Casi siempre se asocia la Cuaresma a prácticas de penitencia –que tienen su significado y encajan perfectamente como preparación para la Pascua–, pero que dejan muy en segundo lugar una pregunta básica en la vida cristiana: nuestra relación personal con Dios. Y sucede que nuestros olvidos son, con frecuencia, selectivos y la gratitud suele quedar arrinconada en el fondo de la memoria. Como si no sobraran razones para dar gracias a Dios por todo lo que somos y tenemos. Pensamos que en el mundo todas las personas de nuestra edad gozan de la misma libertad y salud, idéntica posición económica y acceso a una educación que va a ser una llave de acceso al futuro. Repasamos más lo que nos falta que las muchas cosas y oportunidades de que disponemos. Por eso, el ejercicio de la gratitud debería entrar en el programa de Cuaresma como asignatura obligatoria.

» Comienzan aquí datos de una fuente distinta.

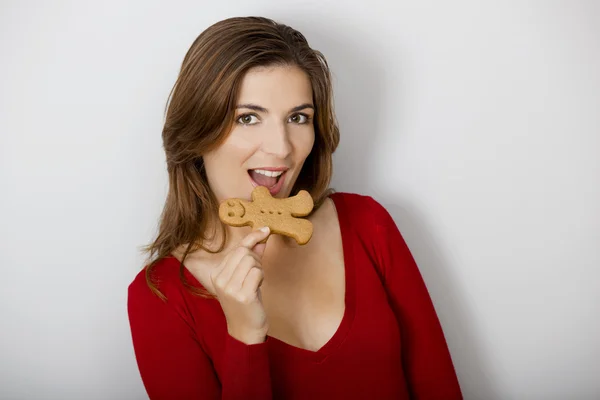 Zencefilli kurabiye tatma — Stok fotoğraf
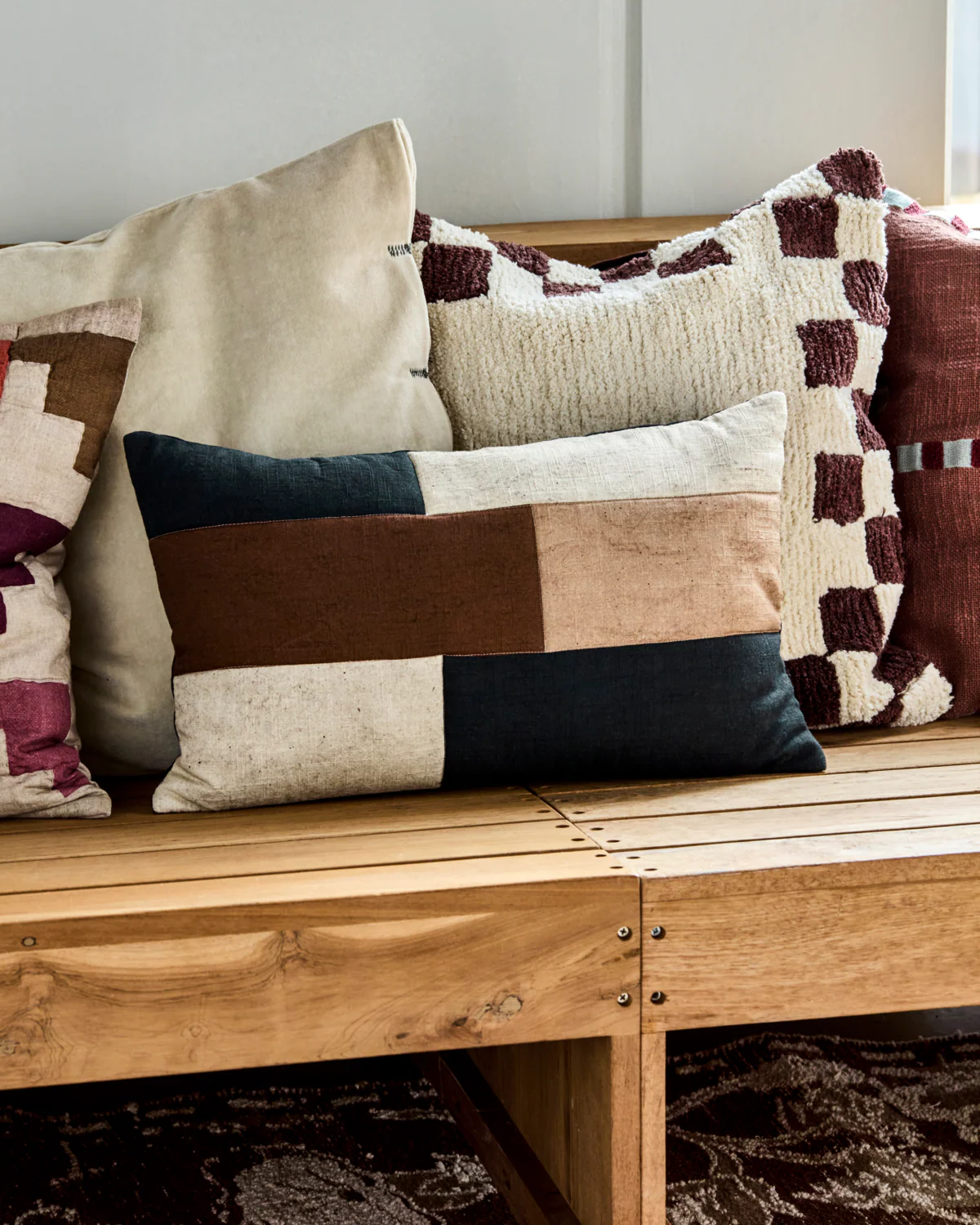 Cushion - Patch - Black/Sand/Brown - Image 4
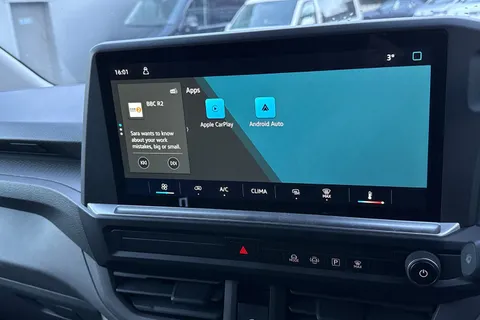 MF25JHY Volkswagen Transporter 2.0 TDI 150 Commerce Plus Van Thumbnail #11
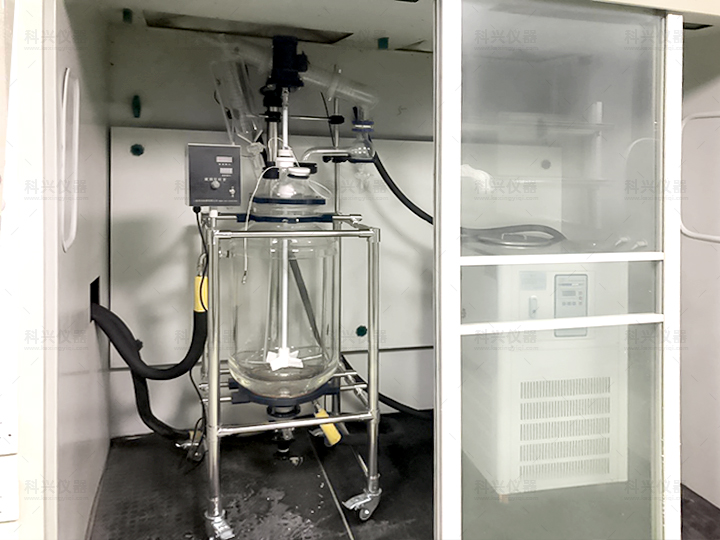 上?？婆d儀器與某公司合作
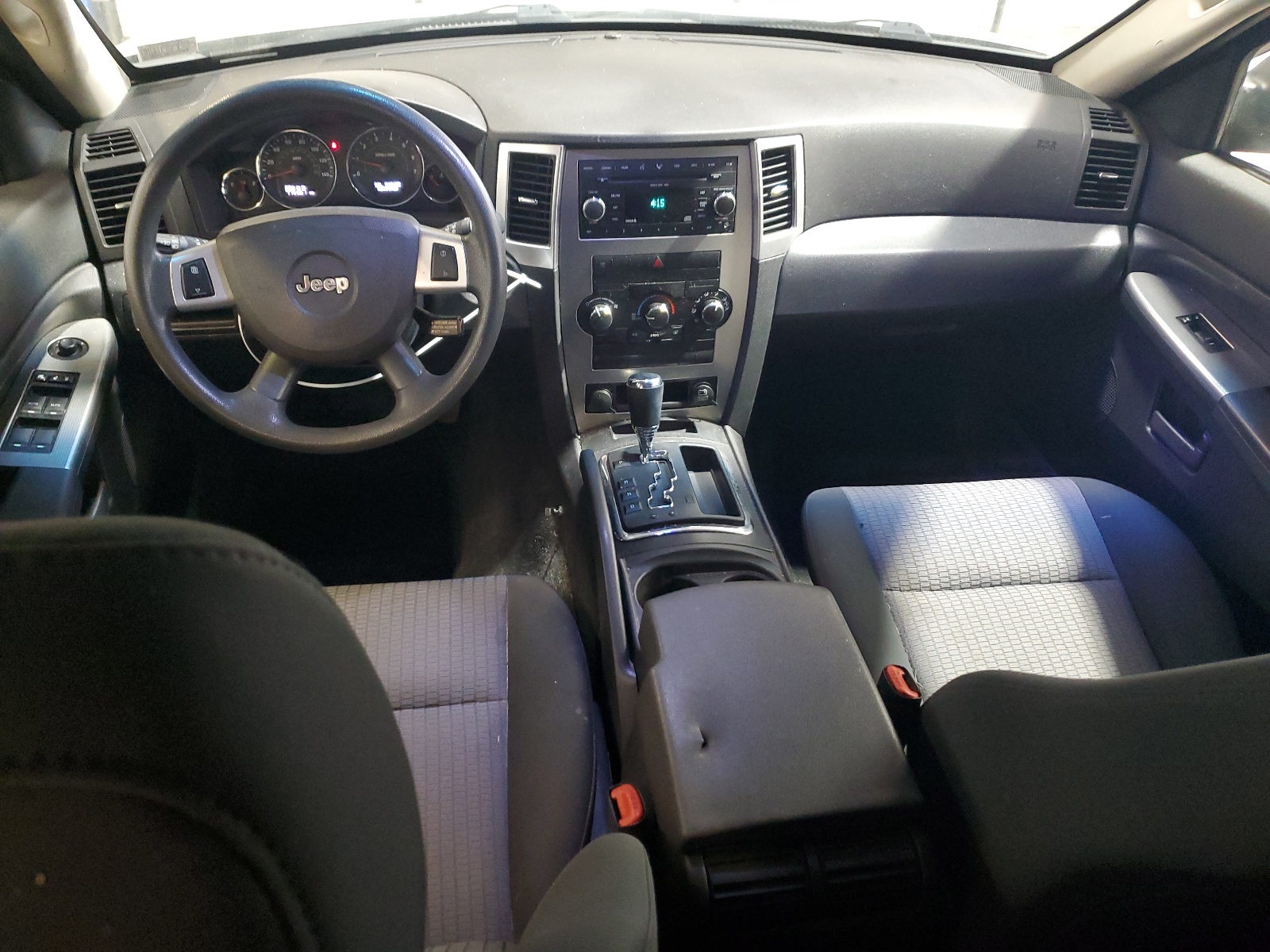 1J8GR48K48C139682 2008 Jeep Grand Cherokee Laredo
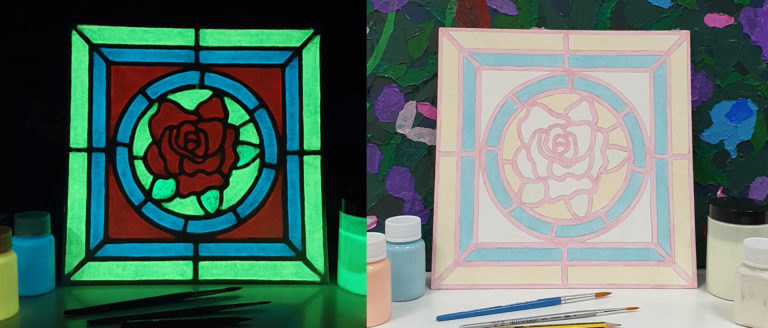 Fensterbild mit Rose: leuchtend im Dunkeln und bei Tageslicht im Vergleich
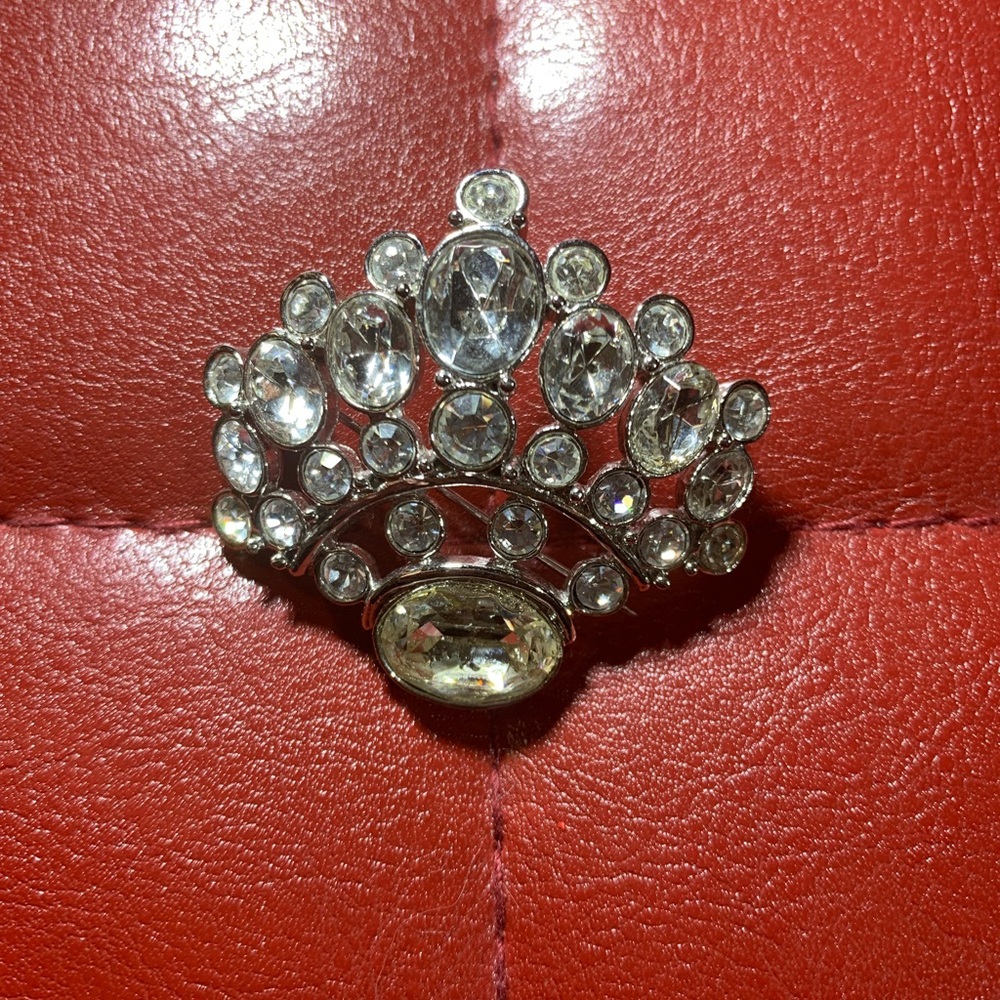 Crown brooch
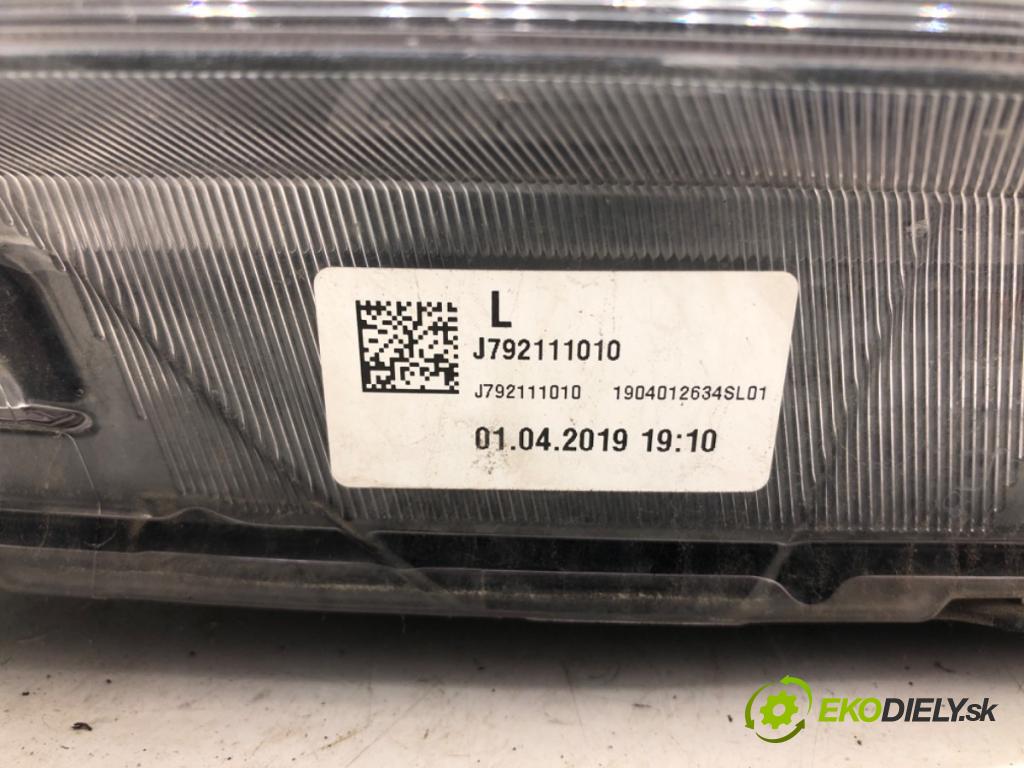 KIA CEED Sportswagon (CD) 2018 - 2022    1.4 T-GDI 103 kW [140 KM] benzyna 2018 - 2022  Svetlomet ľavy predný J792111010 92101-J7XXX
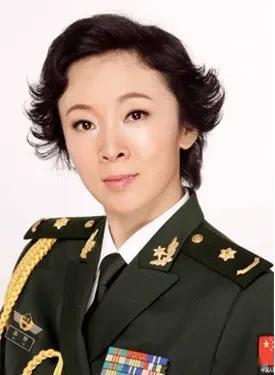 苏柳应该保持沉默懂得音乐版权常识的人应该知道，刀郎当初已买断了苏柳歌词的版权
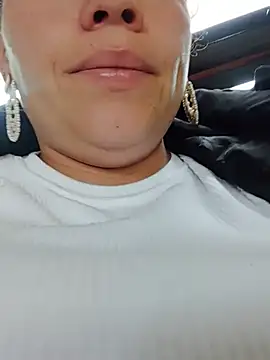 Rouse hot  online show from June 25, 2026, 1:37 pm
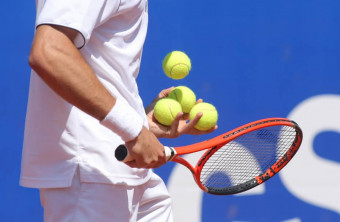 Повърхността на тенис топката - колко важна е за играта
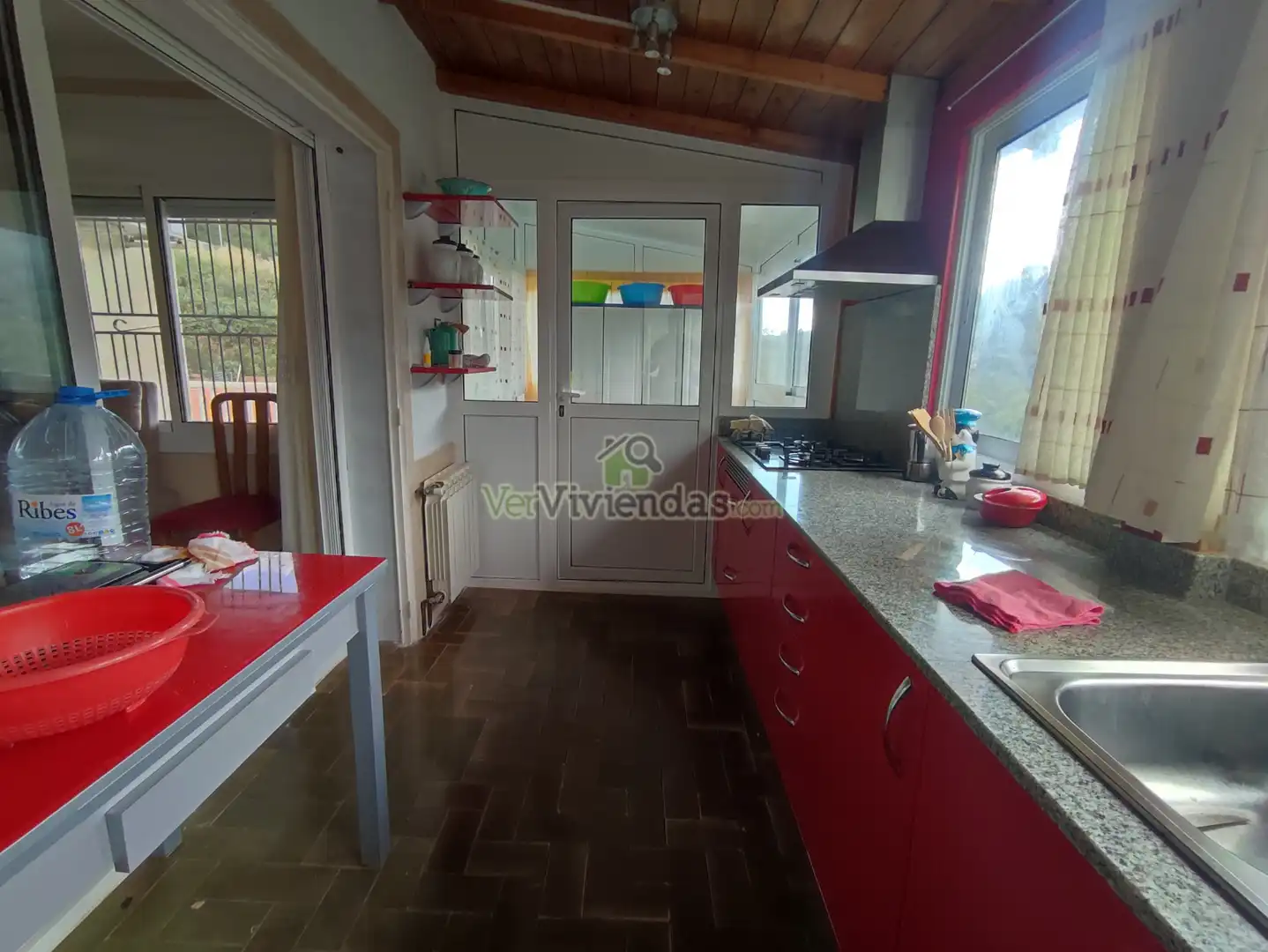 Cuina de Casa o xalet en venda en Vallirana amb Aire condicionat, Calefacció i Jardí privat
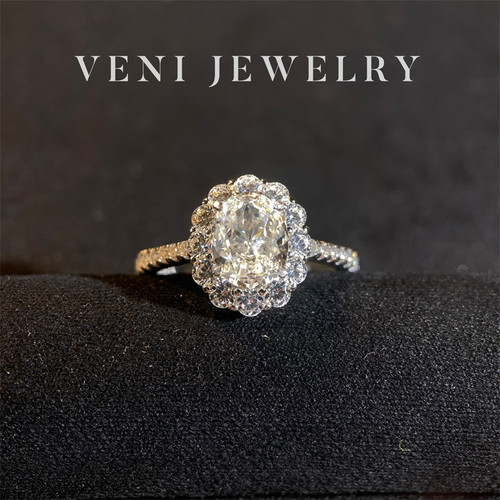 Veni珠宝 仙子纯白 培育白钻戒指经典戴妃款925银镀18K金珠宝E46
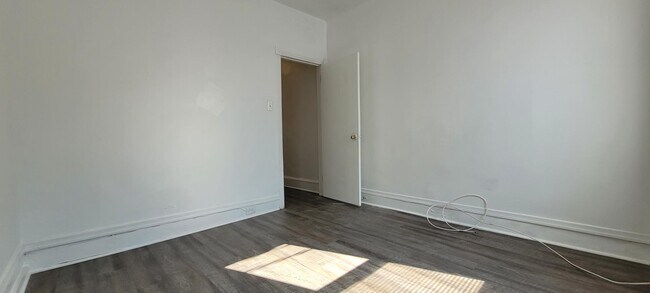 Building Photo - 146 N Peach St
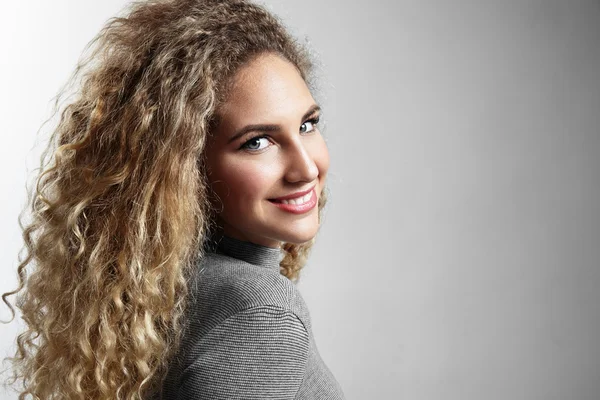 Hermosa mujer rubia sonriente con el pelo rizado — Foto de Stock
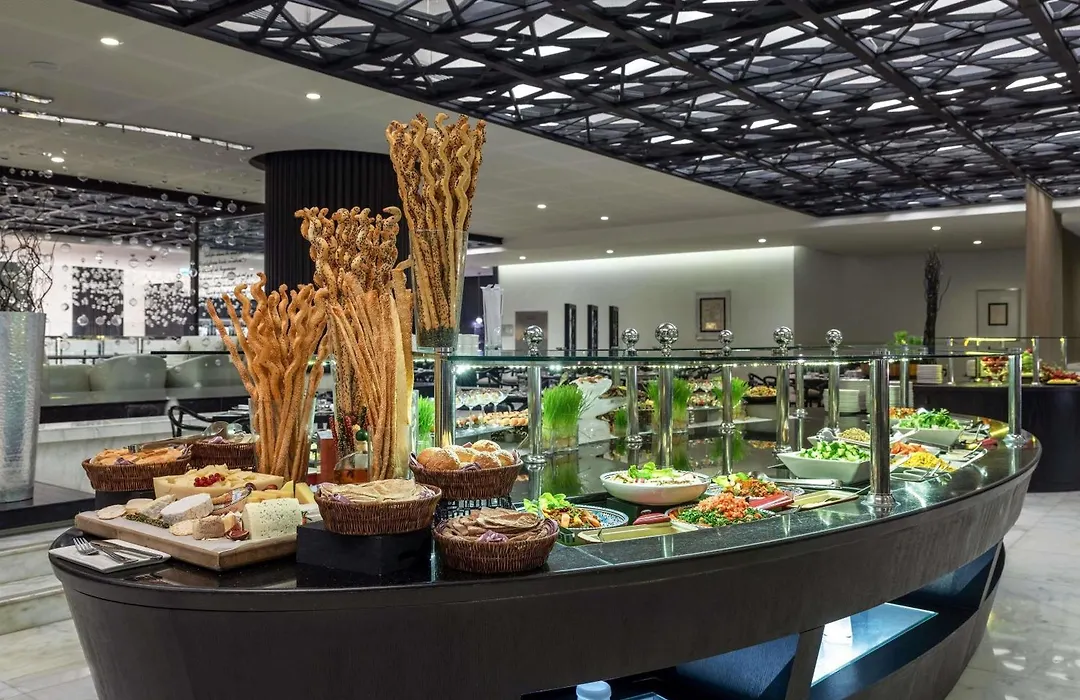 Sofitel Abu Dhabi Corniche-1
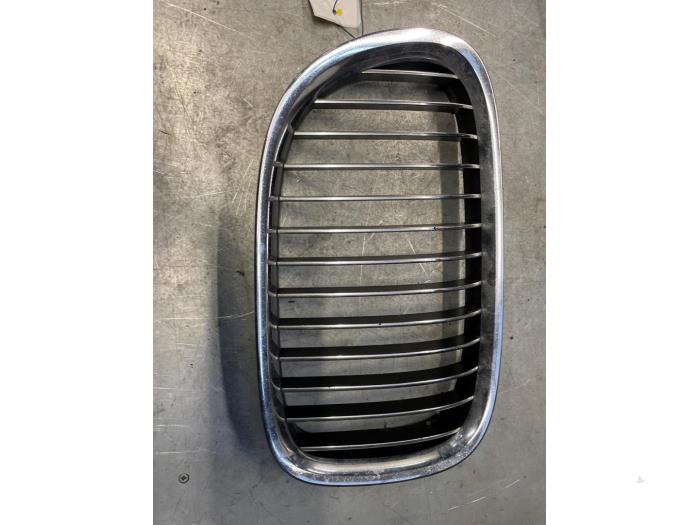 Używane Grill BMW 7 serie (F01/02/03/04) 750i,Li,LiS V8 32V Cena € 30,00 Procedura marży oferowane przez Poolman autodemontage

Hace poco tiempo ha fallecido un amigo sacerdote que dejó escrito como testamento un hermoso himno de acción de gracias que yo he leído y saboreado lentamente. Escribía: “Gracias porque al fin del día, podemos agradecerte: El vivir y el haber vivido/ la salud/ los bienes materiales/ la familia/ la fe/ la belleza del cosmos/ el ingenio/ la vida y la vocación/ los años de colegio/ el afecto/ los amantes de la paz/ ser hijo de Dios/ saber leer/ la amistad/ las fiestas/ la música/ una vivienda digna/ el receptor de radio/ la ancianidad/ los cuidadores de personas/ los animales de compañía/ los templos/ los grandes centros comerciales/ las tiendas del barrio/ que seas Padre nuestro/ la casa de los abuelos/ la poesía/ los objetos de capricho/ el cine/ todo”.
Sobre este borrador, cada uno podría añadir los mil motivos para sentirse inmensamente agradecido y feliz.